A interrupção desses serviços também poderia acarretar o isolamento internacional, como é o caso da Rússia. Inicialmente, o país tinha a presença de empresas ocidentais, mas o governo de Vladimir Putin decidiu turbinar plataformas nacionais, também em resposta a sanções, principalmente dos EUA. O resultado é uma internet extremamente fechada para a população, que tem pouco acesso à sites e serviços online vindos de fora do país – no início da guerra contra a Ucrânia, por exemplo, muitos usuários burlavam as plataformas utilizando VPNs.
“Imaginar um cenário como a Rússia é imaginar um cenário de pária internacional, em que você tem uma restrição enorme no uso e na variedade de serviços. Não é desejável pensar na internet desse jeito, porque aí você paralisa a inovação, paralisa a comunicação e o povo brasileiro tem um uso da internet muito específico”, aponta Klafke.
Mercado que interessa
Para as big techs, também não é interessante perder o Brasil como mercado. O País é um dos maiores consumidores dos produtos dessas empresas, além de ter uma população extremamente digital. De acordo com uma pesquisa da Bain & Company, o brasileiro passa mais de 9 horas por dia online, um número acima da média global. No total, o Brasil é o segundo país do mundo que mais gasta tempo na internet. Para as gigantes de tecnologia, esse tempo é exposição – e exposição é receita no bolso.

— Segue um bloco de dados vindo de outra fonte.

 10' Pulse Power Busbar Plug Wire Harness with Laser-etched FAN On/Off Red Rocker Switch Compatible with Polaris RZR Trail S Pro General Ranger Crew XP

“O Brasil é um mercado relevante e o País só ganha protagonismo na luta (com as empresas) porque tem uma internet vibrante, um mercado relevante. O País consegue, pelo peso do mercado consumidor, ter um um foco relevante para essas empresas. Então, para elas também não é interessante perder o Brasil”, explica Klafke.
Na visão dos especialistas, isso gera um certo poder de barganha para o governo na disputa com Trump. O histórico do enfrentamento dessas companhias, como no caso da decisão do Supremo Tribunal Federal com o Twitter, no caso que levou a rede social a ficar suspensa no Brasil por mais de 30 dias, também mostra a disposição em levar a ameaça das tarifas adiante, por exemplo.
Para a professora de relações internacionais da Universidade de Santa Catarina (UFSC) Camila Vidal, mesmo em um cenário hipotético, imaginar o País sem os serviços das gigantes de tecnologia é praticamente impossível, mas a regulação dos serviços é factível e deve ser feita para controlar a influência que as big techs possam ter sobre a sociedade.
“A questão a ser posta é de que forma que a gente pode e deve regular essas big techs. Isso é uma questão que está sendo debatida já há bastante tempo”, afirma Camila.
Além das tarifas que o governo ameaça impor às big techs, a discussão da regulação dessas empresas aumentou após o julgamento que alterou o artigo 19 do Marco Civil da Internet, que pressiona a responsabilização das redes sociais em caso de publicações ilegais. Para o Brasil, essa também é uma carta na manga na negociação com Trump.
“Eu acho que o caminho no Brasil precisa ser esse, de como a gente precisa urgentemente regular e não banir ou viver sem elas”, aponta Camila. “A regulação é necessária e acho que é a hora de fazermos isso”.
Fonte, redação e imagem: Estadão 27/07/2025.